DATA TO USE |
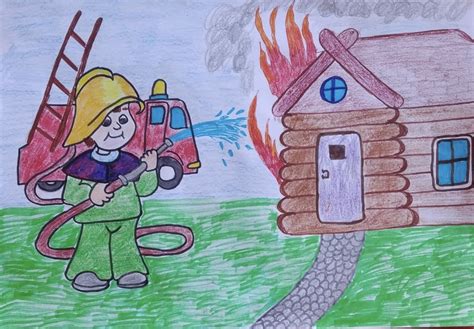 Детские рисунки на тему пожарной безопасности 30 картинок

--

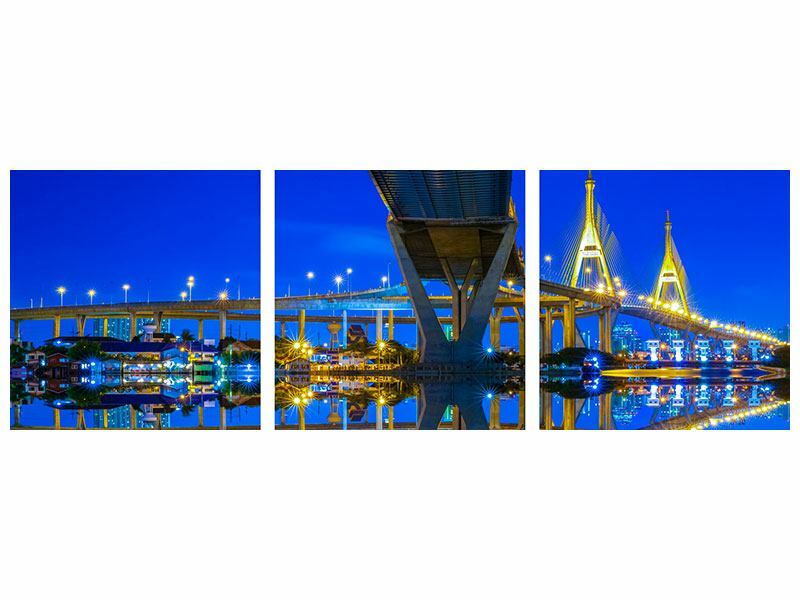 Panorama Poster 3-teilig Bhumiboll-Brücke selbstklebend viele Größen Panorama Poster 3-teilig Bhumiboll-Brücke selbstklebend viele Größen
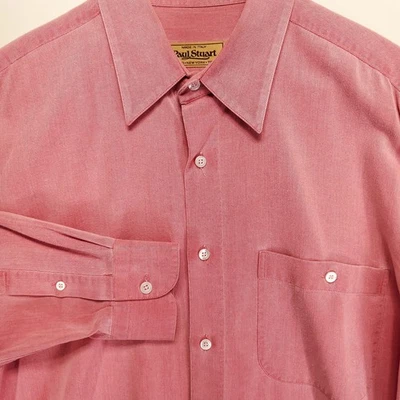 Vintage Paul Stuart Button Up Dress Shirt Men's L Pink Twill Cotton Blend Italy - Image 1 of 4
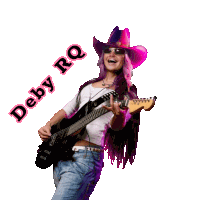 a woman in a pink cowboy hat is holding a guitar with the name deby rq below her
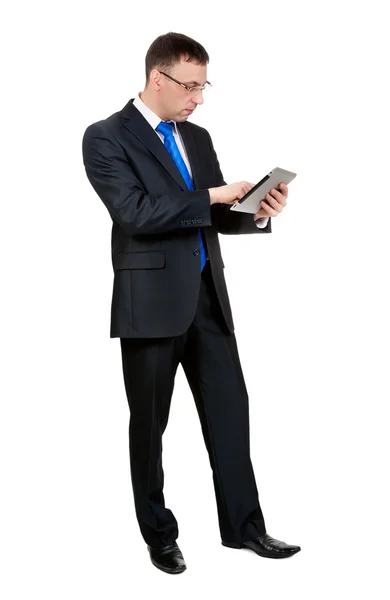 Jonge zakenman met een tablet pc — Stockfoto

EXERCISE | Pictures aside, print exactly the lines above starting with the one containing "Vintage Paul Stuart" and going on through the one containing "Jonge zakenman met een tablet pc — Stockfoto".

RESULT OF THE TASK |
 Vintage Paul Stuart Button Up Dress Shirt Men's L Pink Twill Cotton Blend Italy - Image 1 of 4
 a woman in a pink cowboy hat is holding a guitar with the name deby rq below her
 Jonge zakenman met een tablet pc — Stockfoto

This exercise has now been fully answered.